Speaking of my newest employer, one of the advantages of writing for the web is that you don't really need to fit some predetermined layout. I do have a word count for the nerve.com reviews, of course, but it's not exactly a crisis if I get carried away and exceed the maximum by a sentence or two. Esquire, needless to say, is a lot less forgiving in this regard, and in fact most of my pieces for them have been edited for space (and sometimes for content, but mostly it's just "we need to lose 75 words, pronto"). In the case of the current Alternative Oscars column (which ran a page longer than usual), two entire items wound up being cut. For the two insane Del Angelo completists out there, here they are:

Best Argument in Favor of Maintaining a Status Quo in Which Privileged White Filmmakers Ignore People of Color Altogether: Spanglish

For years, critics have been bitching about the lily-white New York City depicted in Woody Allen’s increasingly hermetic pictures. Sure, it’s offensive by omission...but if the noxious portrait of multiracial Los Angeles offered by James L. Brooks in Spanglish is indicative of what good intentions will wreak, let’s hope the Woodman remains blinking in his cave. I’ll give Brooks a few brownie points for eschewing subtitles, but his treatment of Paz Vega’s unfailingly righteous, proud and noble housemaid is typical of the well-meaning condescension evinced by liberal filmmakers, who seem to fear that making a minority character recognizably human is tantamount to racism. Did Brooks fail to notice that Denzel Washington recently won a well-deserved Oscar for playing a cop so cheerfully, unapologetically corrupt that he made the dudes in Serpico and Prince of the City look like Officer Krupke? There’s no excuse for giving Vega the Poitier treatment, especially when it means that poor Téa Leoni has to portray enough flaws and neuroses for two.
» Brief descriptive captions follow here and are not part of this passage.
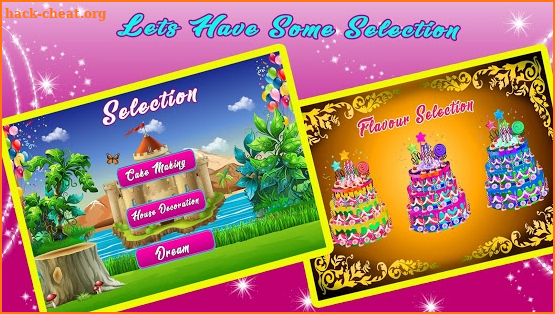 Doll House Cake Decoration & Design Girls Games screenshot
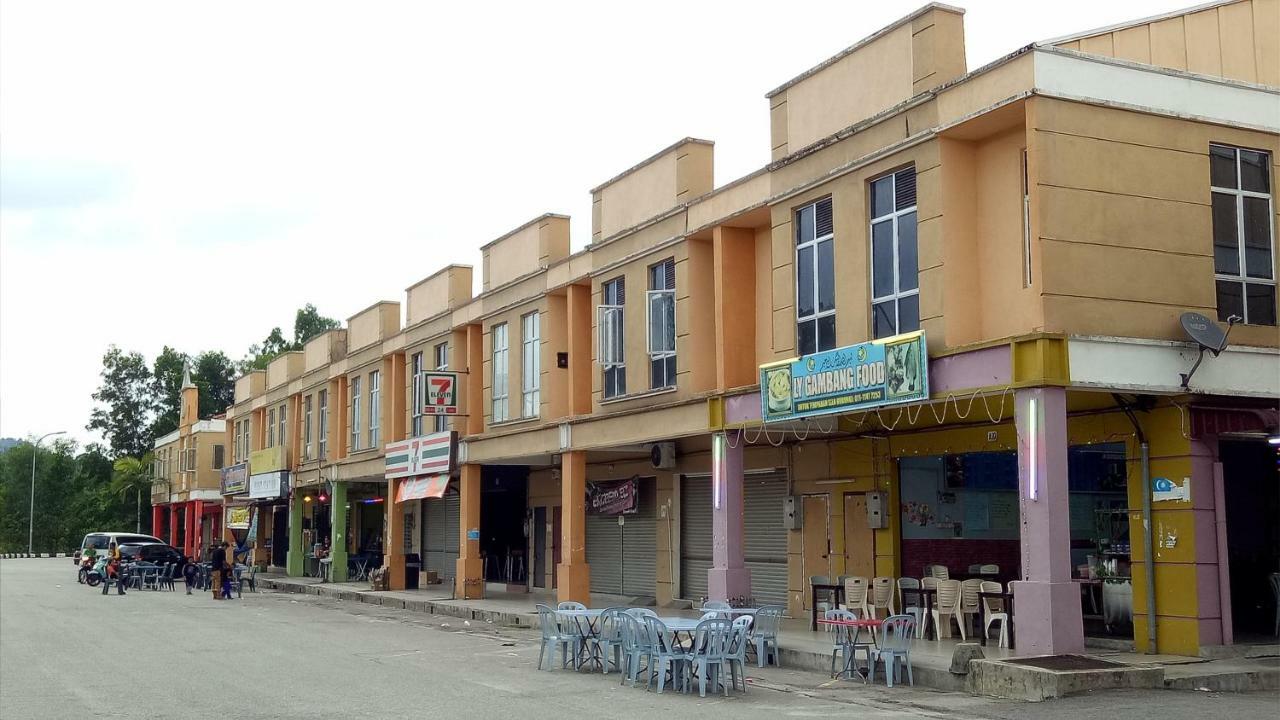 Homemuslim Gambang Kampong Pohoi Esterno foto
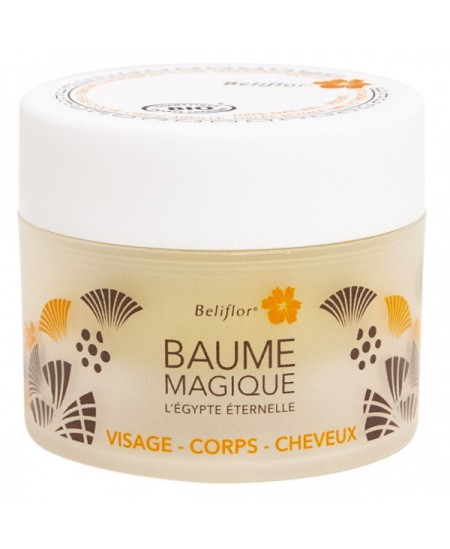 Baume magique bio - 100 ml - Beliflor formule ancestrale égyptienne force de la ruche Espritphyto Baume magique bio - 100 ml - Beliflor formule ancestrale égyptienne force de la ruche Espritphyto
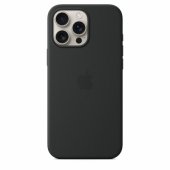 iPhone 16 Pro Max Silicone Case with MagSafe - Black MYYT3ZM/ A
Best Wasted Opportunity: The other saw, Saw

Anton Chekhov would be so pissed if he were disinterred and forced to sit through this high-concept horror turkey. “How did they talk Danny Glover into trashing his reputation like that?” he would ask, presumably in Russian. But the real issue would be the twin hacksaws allotted to the film’s dual protagonists, chained by a madman to opposite corners of a filthy bathroom. Clearly a fan of Mad Max, their tormentor notes that the saws are far too flimsy to cut through metal; flesh and bone, by contrast, would provide much less resistance. If dramatic structure dictates that a gun shown at the beginning of Act One must be fired by the end of Act Three, as Chekhov insisted, then the presence of two saws will find gorehounds salivating in anticipation of the inevitable climactic saw-off, with our heroes racing to amputate their respective limbs in order to beat the other to the gun or bomb or sharks with frickin’ laser beams or whatever the hell. Yeah, I got a little weepy at the end of Million Dollar Baby. But it was nothing compared to the tears of frustration I shed when one of the saws was immediately broken. That’s just not right.

Also, my belated thanks and apologies to Mike Wazowski, from whom I shamelessly swiped a joke about Sean Penn's Mystic River histrionics ("Is that my Oscar in there? Is that my Oscar in there?!?!?") that actually did run in the magazine. Good one bud.

And finally, apropos of nada, how the hell does C.C. Baxter have an apartment on 62nd Street that rents for only $85 a month? By my calculations, today that would amount to $516.77. Anyone have the number of that broker?